Daronte Jones

Washington Commanders
- Title: Defensive coordinator

Personal information
- Born: November 11, 1978 (age 47) Capitol Heights, Maryland, U.S.

Career information
- Position: Cornerback
- High school: Bishop McNamara (Forestville, Maryland)
- College: Temple (1996); Morgan State (1997–2000);

Career history
- Lenoir–Rhyne Bears (2001) Graduate assistant; Nicholls State Colonels (2002) Safeties coach; Franklin HS (2003) Defensive coordinator; Jeanerette HS (2004) Defensive coordinator; Bowie State Bulldogs (2005–2009) Assistant head coach & defensive coordinator; UCLA Bruins (2010) Cornerbacks coach; Montreal Alouettes (2011) Defensive backs coach; Hawaii Rainbow Warriors (2012–2014); Secondary coach (2012–2013); ; Assistant head coach & secondary coach (2014); ; ; Wisconsin Badgers (2015) Defensive backs coach; Miami Dolphins (2016–2017) Assistant defensive backs coach; Cincinnati Bengals (2018–2019) Cornerbacks coach; Minnesota Vikings (2020) Defensive backs coach; LSU Tigers (2021) Defensive coordinator; Minnesota Vikings (2022–2025); Defensive backs coach (2022); ; Defensive backs coach & pass game coordinator (2023–2025); ; ; Washington Commanders (2026–present) Defensive coordinator;
- Coaching profile at Pro Football Reference

= Daronte Jones =

American football coach (born 1978)

Daronte Jones (born November 11, 1978) is an American professional football coach who is the defensive coordinator for the Washington Commanders of the National Football League (NFL). Jones has also served as the defensive coordinator of the Bowie State Bulldogs and LSU Tigers in college football and as an assistant for other college and NFL teams.

== Playing career ==
Jones played as a cornerback for one season at Temple in 1996 before transferring to Morgan State University. Nerve damage to his neck prematurely ended his playing career; a doctor warned that if he continued playing football, he was at risk of paralysis. Remaining on scholarship but unable to play, head coach Stump Mitchell asked him to assist with coaching the team’s defensive backs. He remained in this role until his graduation.

==Coaching career==
===Early coaching career===
After being a graduate assistant at Lenoir–Rhyne and coaching safeties at Nicholls State, he was a defensive coordinator for two years at two separate Louisiana high schools. From 2005 to 2009, Jones was assistant head coach and defensive coordinator at Bowie State University in his home state of Maryland. He spent the 2010 season coaching at UCLA. After a one-year stint coaching the Montreal Allouettes of the CFL, he spent 3 years coaching at Hawaii. He then would spend a year in the Big 10 coaching at Wisconsin.
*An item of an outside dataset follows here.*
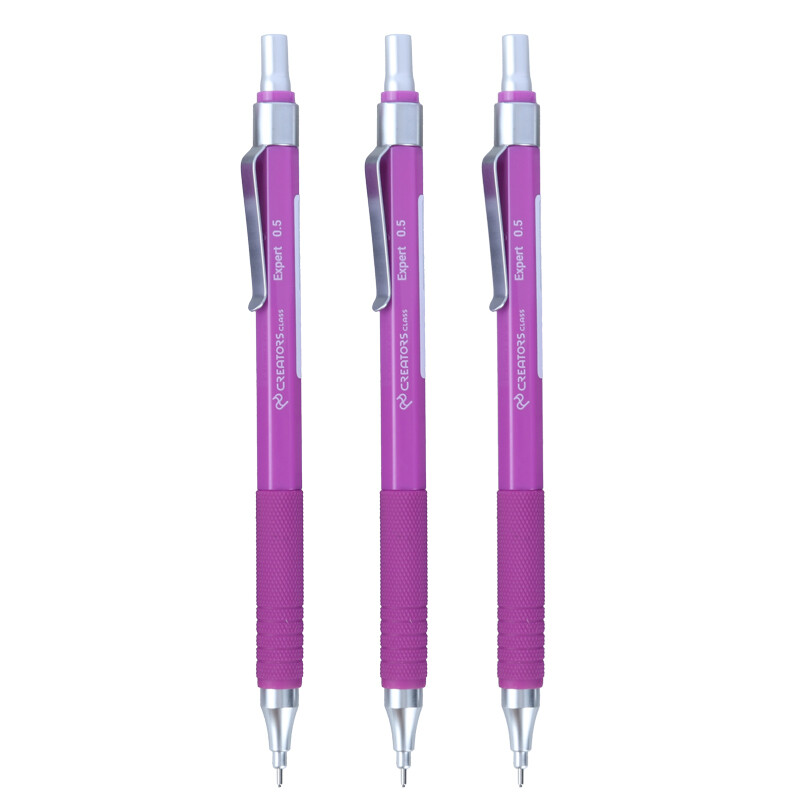 مداد نوکی C.Class Expert MP-E8045-5 0.5mm بسته 12 عددی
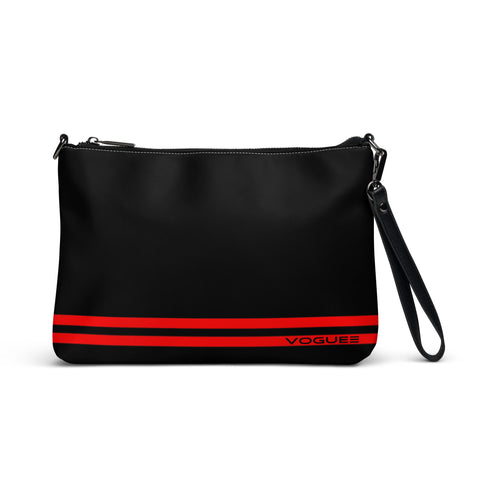 VOGUE ONYX Crossbody bag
Jones then began coaching in the National Football League (NFL) with the Miami Dolphins, where he worked as assistant defensive backs coach for two seasons. The next two years he spent coaching the secondary for the Cincinnati Bengals. In 2020 he was the defensive backs coach for the Minnesota Vikings.

=== LSU ===
Jones served the 2021 season as the defensive coordinator of the LSU on January 26, 2021. He was not retained following the season after head coach Ed Orgeron was fired that October.

===Minnesota Vikings===
On February 23, 2022, Jones returned to the Minnesota Vikings in 2022 as the team's defensive backs coach. He was promoted with the additional title of pass game coordinator in 2023.

===Washington Commanders===
On January 30, 2026, Jones joined the Washington Commanders as defensive coordinator under head coach Dan Quinn.